Provided data:
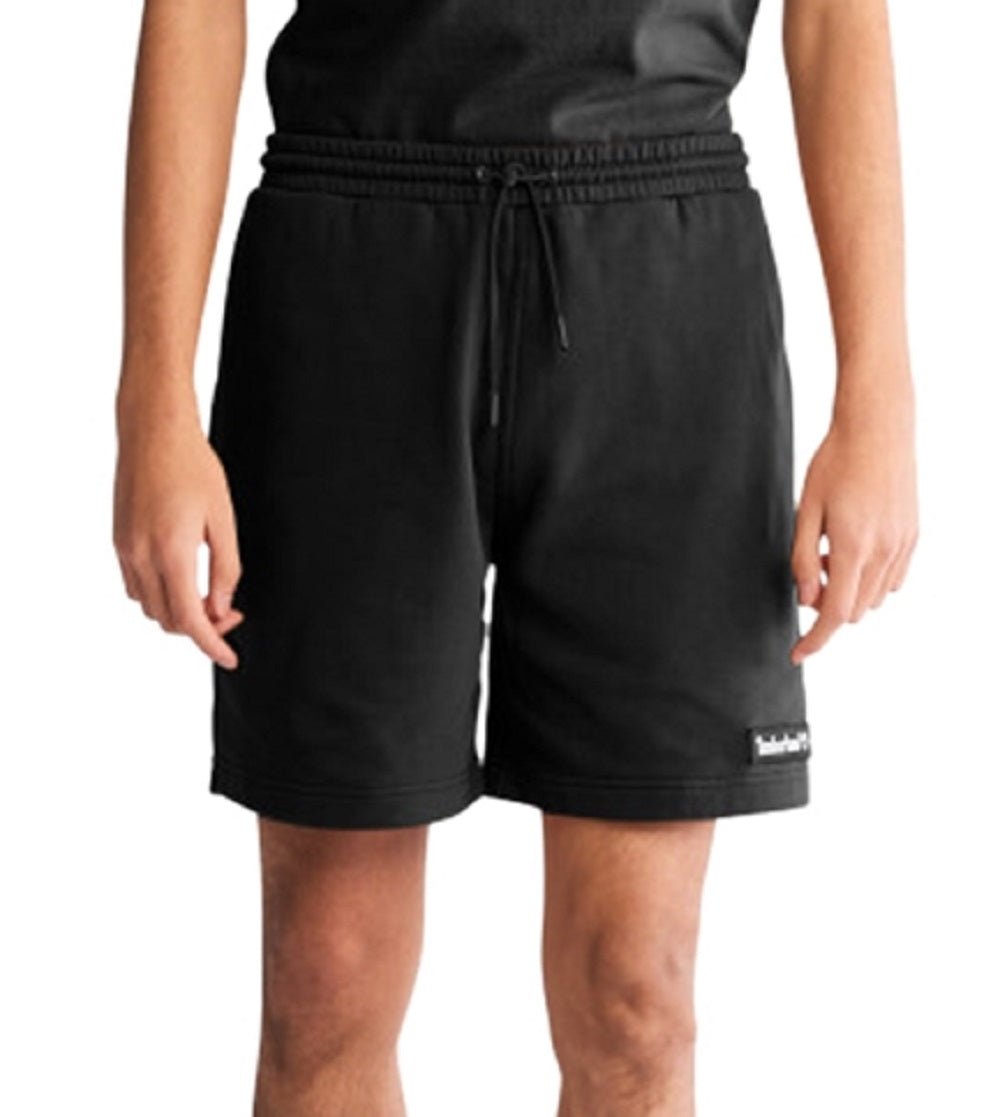 Timberland Men's Woven Badge Sweatshort Black Size X-Large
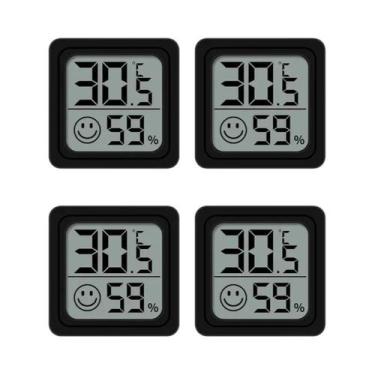Imagem de Termômetro Digital Interno Higrômetro 4pcs Mini Medidor De Temperatura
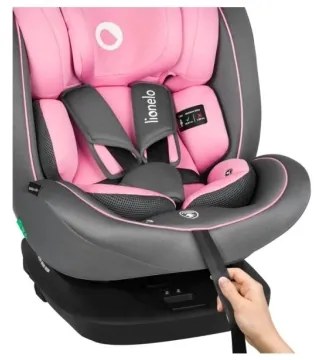 Lionelo - Autosedačka BASTIAAN i-Size 40-150 cm sivá/ružová
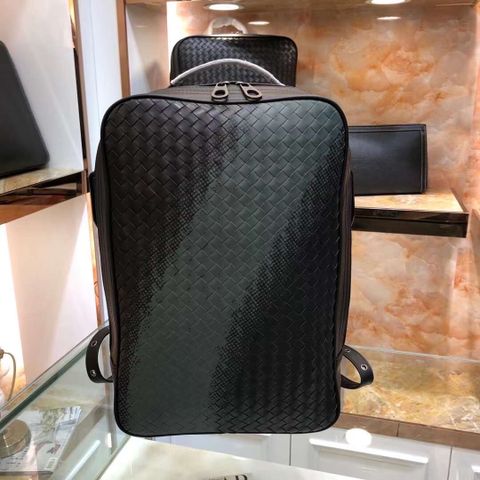 Ba lô nam Bottega* Veneta* da đan phối màu kiểu đẹp cao cấp sz 38x25x6cm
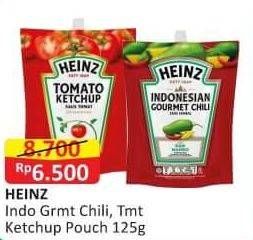 HEINZ Gourmet Chili Indonesia, Tomato Ketchup 125g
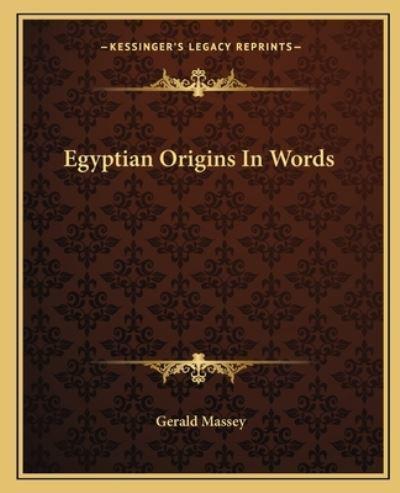 Egyptian Origins In Words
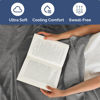 Picture of Extra Deep Twin Fitted Sheet - Hotel Luxury Single Fitted Sheet Only - Easily Fits 18 inch to 24 inch Mattress - Soft, Wrinkle Free, Breathable & Comfy Extra Deep Pockets Heathered Grey Fitted Sheet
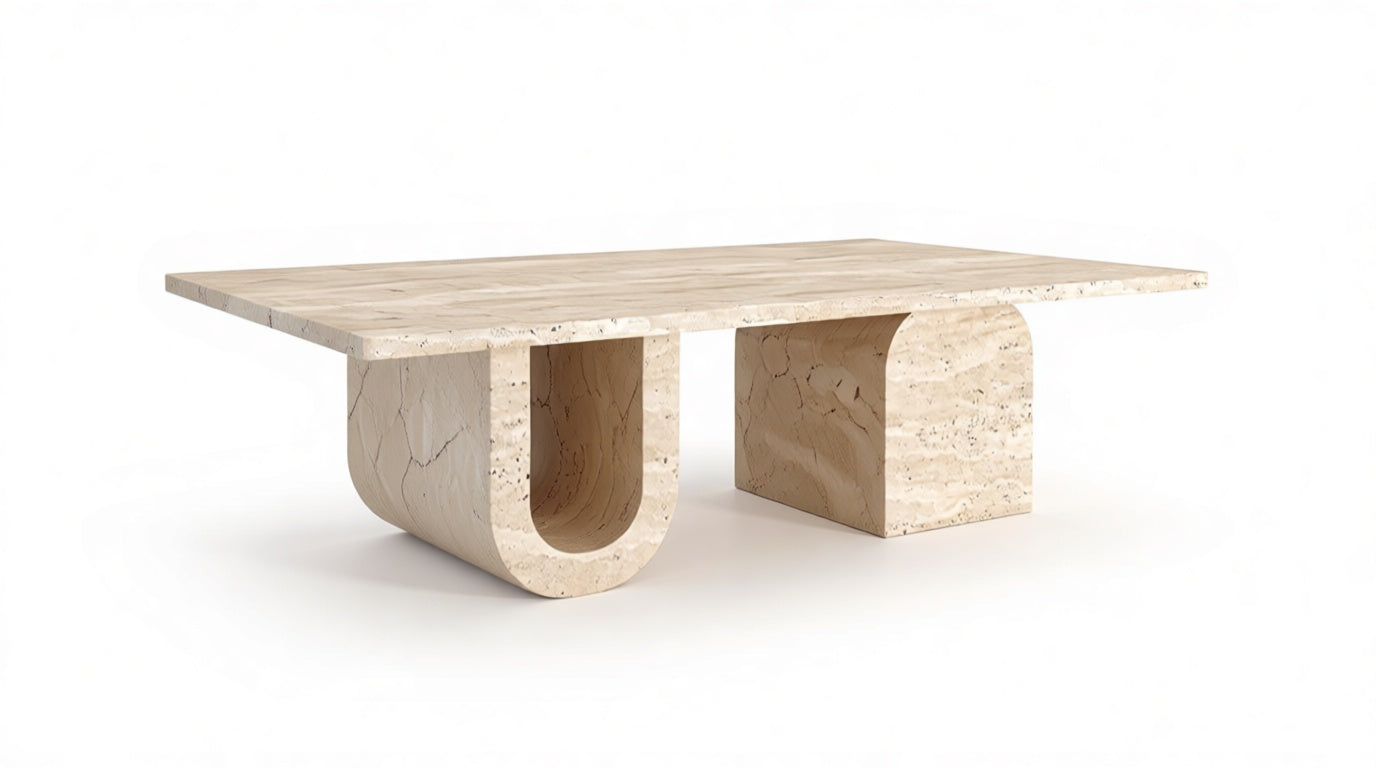 Vernio - Natural Travertine Coffee Table
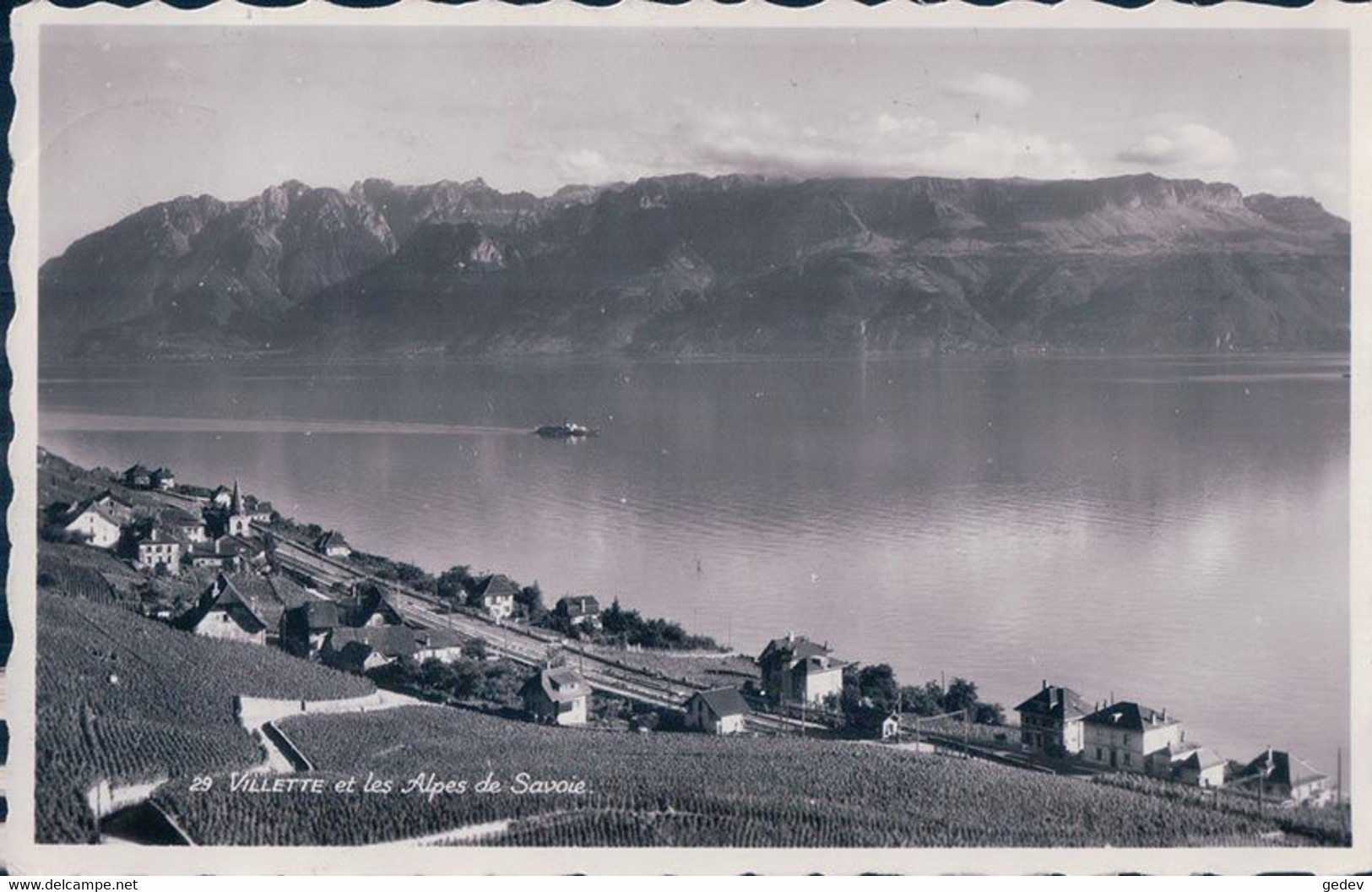 Lavaux VD, Villette, Vignes Et Léman, Carte Postée En Exprès (29) - Villette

Requirement: Output the listing exactly, pictures excluded.

Answer for the task:
 Timberland Men's Woven Badge Sweatshort Black Size X-Large
Imagem de Termômetro Digital Interno Higrômetro 4pcs Mini Medidor De Temperatura
 Lionelo - Autosedačka BASTIAAN i-Size 40-150 cm sivá/ružová
 Ba lô nam Bottega* Veneta* da đan phối màu kiểu đẹp cao cấp sz 38x25x6cm
 HEINZ Gourmet Chili Indonesia, Tomato Ketchup 125g
 Egyptian Origins In Words
 Picture of Extra Deep Twin Fitted Sheet - Hotel Luxury Single Fitted Sheet Only - Easily Fits 18 inch to 24 inch Mattress - Soft, Wrinkle Free, Breathable & Comfy Extra Deep Pockets Heathered Grey Fitted Sheet
 Vernio - Natural Travertine Coffee Table
 Lavaux VD, Villette, Vignes Et Léman, Carte Postée En Exprès (29) - Villette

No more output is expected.